* **TO DO**
All of the lines below need to be copied exactly, apart from the pictures.

* **RECORDED DATA**
[Start of section]

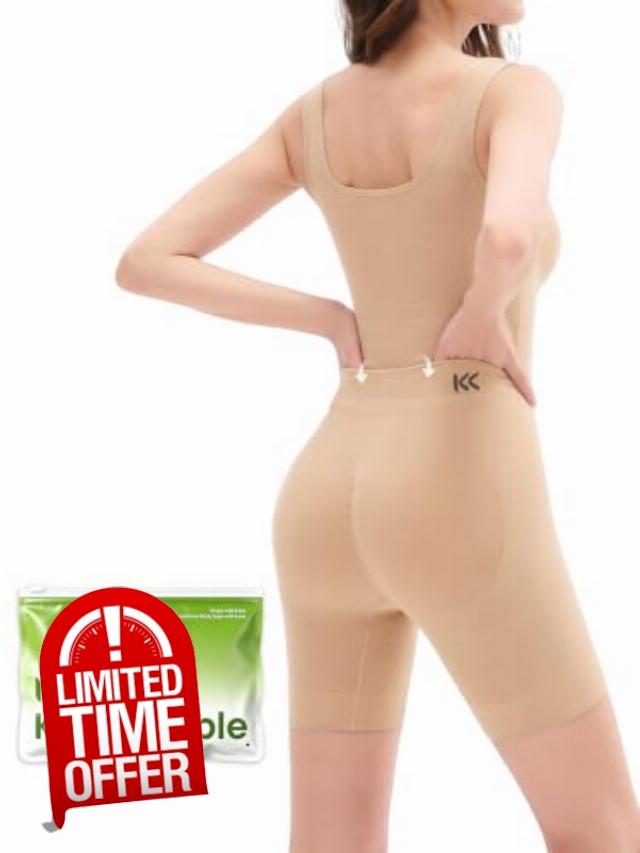Easy-Off Bodysuit Bathroom-Friendly Tummy Control Shapewear                                                          Women's Hip Lift Seamless Full Body Shaper Back Support for Dresses and Everyday Wea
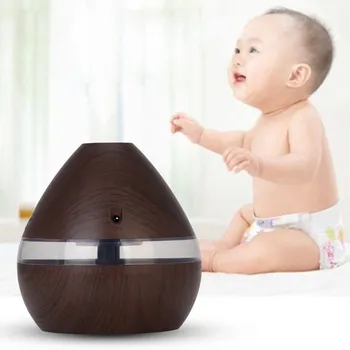 

2020 Humidifier Aroma Essential Oil Ultrasonic Wood Grain Air Humidifier USB Mini Mist Maker Light Car for Home#30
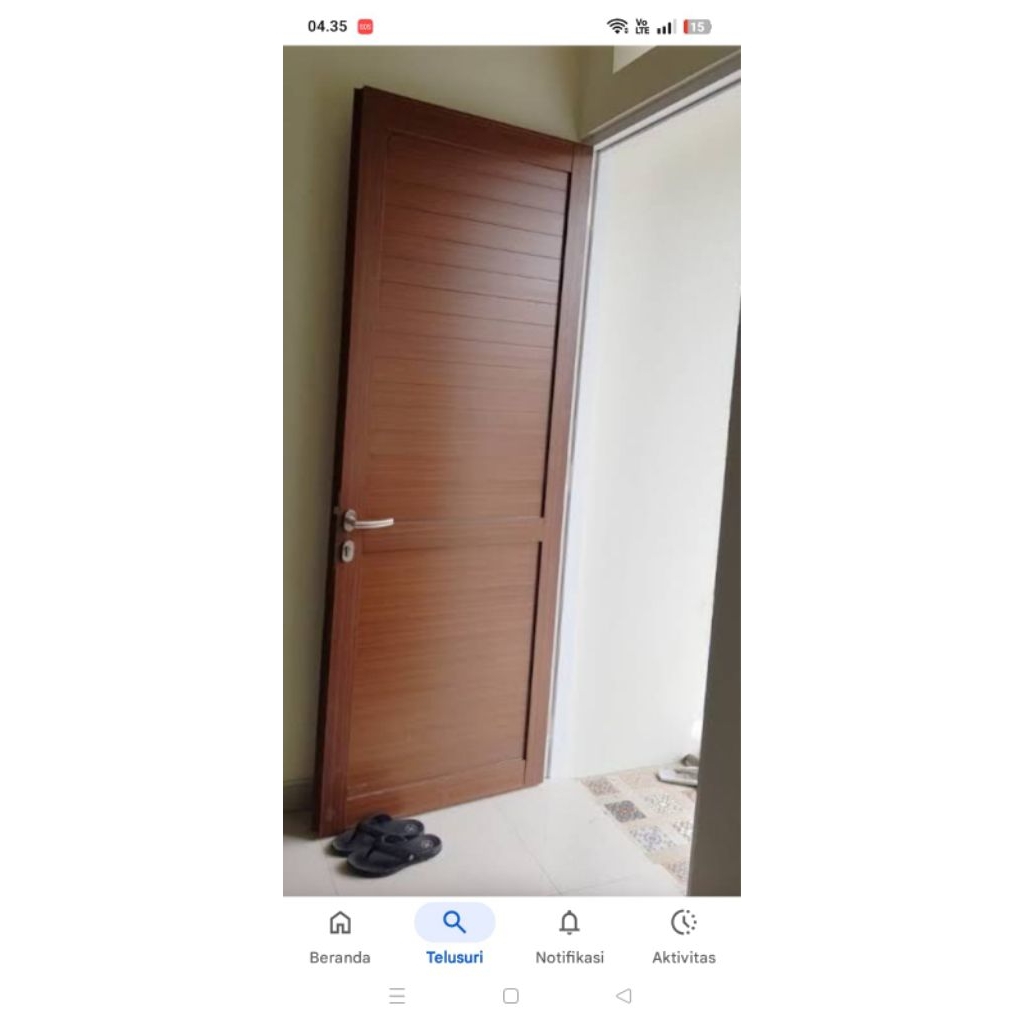 pintu serat kayu almunium inkalum 200x80, 240x100 komplit semua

[End of section]

* **SOLUTION FOR THIS PROBLEM**
Easy-Off Bodysuit Bathroom-Friendly Tummy Control Shapewear                                                          Women's Hip Lift Seamless Full Body Shaper Back Support for Dresses and Everyday Wea

2020 Humidifier Aroma Essential Oil Ultrasonic Wood Grain Air Humidifier USB Mini Mist Maker Light Car for Home#30
 pintu serat kayu almunium inkalum 200x80, 240x100 komplit semua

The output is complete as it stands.